Progress and Promising Practices
Provide your assessment of the top 2-3 strategies that have been most effective in supporting the needs of students in your State during the COVID-19 pandemic, especially for students most impacted by the COVID-19 pandemic. Please include, if applicable, how your State will submit and encourage its LEAs to submit lessons learned and best practices to the Department’s Safer Schools and Campuses Best Practices Clearinghouse so that they can be shared with other States and LEAs.
The Pennsylvania Department of Education (PDE) has collected effective and promising strategies through stakeholder input to inform and develop this application. Conversations, focus groups, questionnaires, and written input have focused on both the issues that are of concern to stakeholders as well as the LEA practices that have been successful in supporting students, families, teachers, and communities during the pandemic. Three promising strategies emerging from this stakeholder engagement include the following:
- Relationship-building between schools and families;
- One-to-one, small-group, and personalized supports for learners; and
- Focusing academic plans on relationship-building and caring for learners.
LEAs across Pennsylvania have worked diligently to meet the needs of their communities throughout the pandemic. Stakeholder groups identified schools and districts that were intentional about developing and maintaining engaged relationships with students as particularly effective during this time. Strategies that led to student success included providing activities that intentionally focused on engagement in academic and instructional processes for students, maintaining and supporting active Student Assistance Program (SAP) teams, and frequently using small group supports, one-on-one conferencing, and counselor check-ins for social and emotional well-being. Stakeholders found “inquiring about the student experience [with] learning” and more open conversations between teachers and students to be highly positive strategies.

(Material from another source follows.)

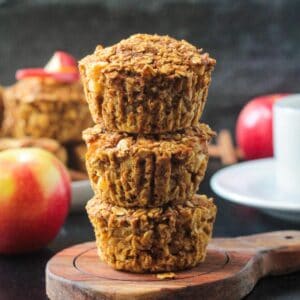 Three baked oat cups in a stack.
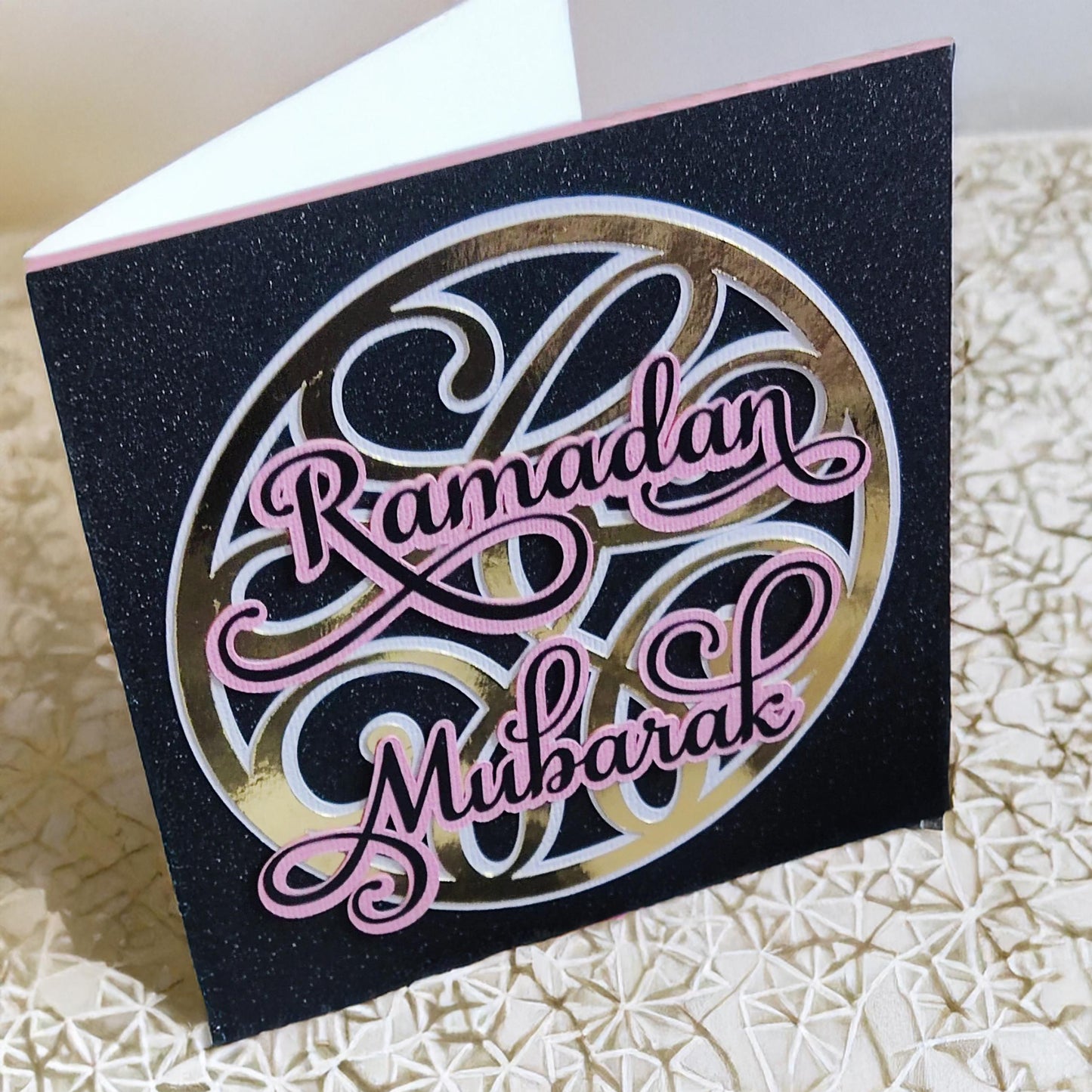 Handmade Glittery Ramadan Mubarak Card featuring elegant calligraphy on a stylish black background.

Relationship-building activities aimed at supporting parents and community members, which included an increase in two-way communication between the school and home, phone calls, home visits, and regular updates on progress and process from LEA-level administrators, were appreciated by stakeholders and deemed helpful to families and students. Stakeholders who work with homeless students mentioned the benefit of providing assistance to the whole family, not just to students who attend the school. Stakeholders mentioned the benefits of “positive engagement,” with school staff taking an approach of “How can I help?” instead of giving families directions. These proactive activities opened the possibilities of engaging school district homeless liaisons and community services to meet families’ holistic needs, positioning schools on the front line of homelessness prevention.
LEAs that put special focus on relationship-building activities in the development of their academic and instructional plans were seen as “caring for our learners,” which fostered a positive relationship with parents, caregivers, and families, and increased student engagement and success in remote learning situations. Connections with a caring adult were cited as especially critical for vulnerable youth, such as foster children.
What worked well did not work well universally, however, and some of the same strategies frequently identified as promising practices, such as school-family communication, also surfaced as obstacles from the perspective of some marginalized populations. This presents a critical lesson when considering ARP ESSER as an opportunity to transform education: effective strategies are only effective to the extent that they are accessible and designed with the intention of meeting students and families where they are. This means providing school communication in home languages, using technological platforms and apps that are free and accessible on low-cost devices, and providing opportunities for families to engage in ways and at times that suit the schedules and workday demands of essential, frontline workers.
As PDE collects additional success stories and feedback from stakeholders, and as these strategies are supported by ongoing data collection, LEAs are being encouraged to submit lessons learned and best practices to the Department’s Safer Schools and Campuses Best Practices Clearinghouse so that they can be shared with other states and LEAs.